Auto-configuration attempts to deduce which beans a user might need. For example, If
`HSQLDB` is on the classpath, and the user has not configured any database connections,
then they probably want an in-memory database to be defined. Auto-configuration will
always back away as the user starts to define their own beans.
=== spring-boot-starters
Starters are a set of convenient dependency descriptors that you can include in
your application. You get a one-stop-shop for all the Spring and related technology
that you need without having to hunt through sample code and copy paste loads of
dependency descriptors. For example, if you want to get started using Spring and JPA for
database access just include the `spring-boot-starter-data-jpa` dependency in your
project, and you are good to go.
=== spring-boot-cli
The Spring command line application compiles and runs Groovy source, making it super
easy to write the absolute minimum of code to get an application running. Spring CLI
can also watch files, automatically recompiling and restarting when they change.
=== spring-boot-actuator
Spring Boot Actuator provides additional auto-configuration to decorate your application
with features that make it instantly deployable and supportable in production. For
instance if you are writing a JSON web service then it will provide a server, security,
logging, externalized configuration, management endpoints, an audit abstraction, and
more. If you want to switch off the built in features, or extend or replace them, it
makes that really easy as well.
=== spring-boot-loader
Spring Boot Loader provides the secret sauce that allows you to build a single jar file
that can be launched using `java -jar`. Generally you will not need to use
`spring-boot-loader` directly, but instead work with the
link:spring-boot-tools/spring-boot-gradle-plugin[Gradle] or
link:spring-boot-tools/spring-boot-maven-plugin[Maven] plugin.
== Samples
Groovy samples for use with the command line application are available in
link:spring-boot-cli/samples[spring-boot-cli/samples]. To run the CLI samples type
`spring run <sample>.groovy` from samples directory.

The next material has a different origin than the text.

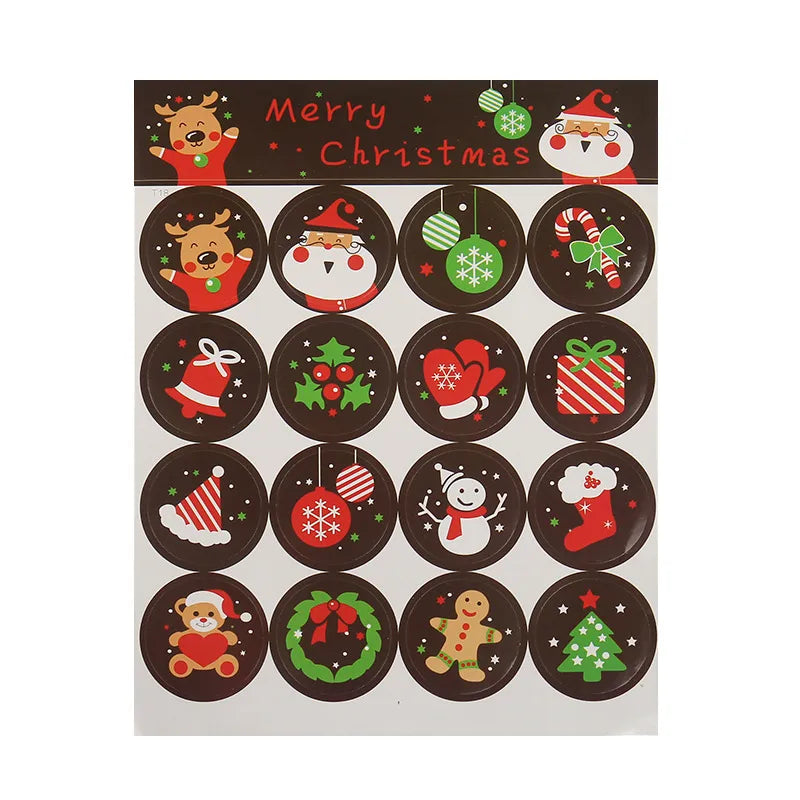 Christmas Multi-Style Santa Claus Gift Sealed Sticker Adhesive Label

Java samples are available in link:spring-boot-samples[spring-boot-samples] and should
be built with maven and run by invoking `java -jar target/<sample>.jar`. The following
java samples are provided:
* link:spring-boot-samples/spring-boot-sample-simple[spring-boot-sample-simple]
-- A simple command line application
* link:spring-boot-samples/spring-boot-sample-tomcat[spring-boot-sample-tomcat]
-- Embedded Tomcat
* link:spring-boot-samples/spring-boot-sample-jetty[spring-boot-sample-jetty]
-- Embedded Jetty
* link:spring-boot-samples/spring-boot-sample-actuator[spring-boot-sample-actuator]

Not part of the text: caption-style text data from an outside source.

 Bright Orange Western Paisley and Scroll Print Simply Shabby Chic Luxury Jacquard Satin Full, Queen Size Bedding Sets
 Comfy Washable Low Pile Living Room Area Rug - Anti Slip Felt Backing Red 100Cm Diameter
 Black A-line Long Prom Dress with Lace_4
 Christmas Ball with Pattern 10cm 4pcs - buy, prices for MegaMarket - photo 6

-- Simple REST service with production features
* link:spring-boot-samples/spring-boot-sample-actuator-ui[spring-boot-sample-actuator-ui]
-- A web UI example with production features
* link:spring-boot-samples/spring-boot-sample-web-ui[spring-boot-sample-web-ui]

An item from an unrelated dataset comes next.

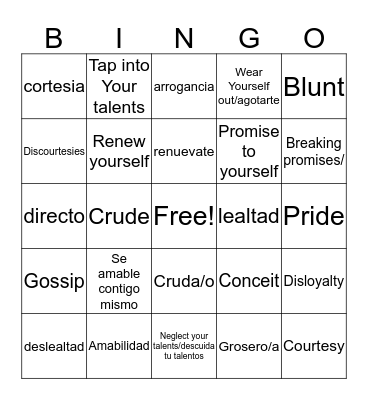 7 Habits Bingo Card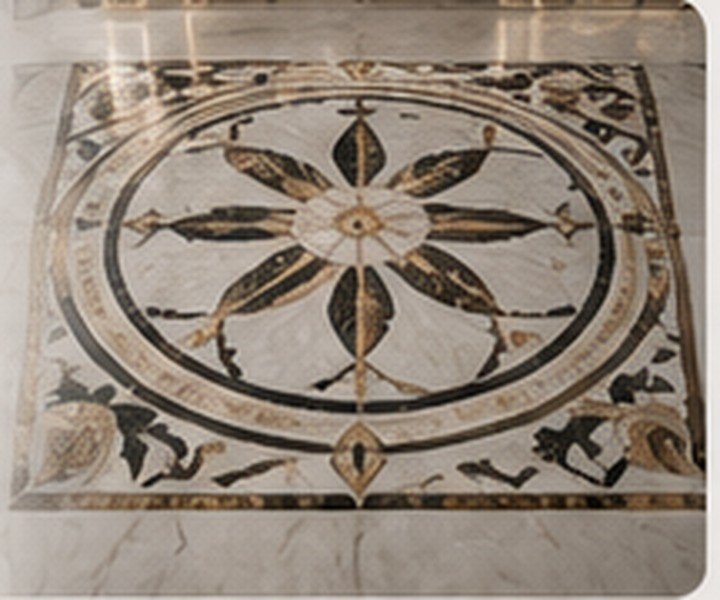 Decorative natural stone waterjet floor medallion and geometric inlay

-- A thymeleaf web application
* link:spring-boot-samples/spring-boot-sample-web-static[spring-boot-sample-web-static]
-- A web application service static files
* link:spring-boot-samples/spring-boot-sample-batch[spring-boot-sample-batch]
-- Define and run a Batch job in a few lines of code
* link:spring-boot-samples/spring-boot-sample-data-jpa[spring-boot-sample-data-jpa]
-- Spring Data JPA + Hibernate + HSQLDB
* link:spring-boot-samples/spring-boot-sample-integration[spring-boot-sample-integration]
-- A spring integration application
* link:spring-boot-samples/spring-boot-sample-profile[spring-boot-sample-profile]
-- example showing Spring's `@profile` support
* link:spring-boot-samples/spring-boot-sample-traditional[spring-boot-sample-traditional]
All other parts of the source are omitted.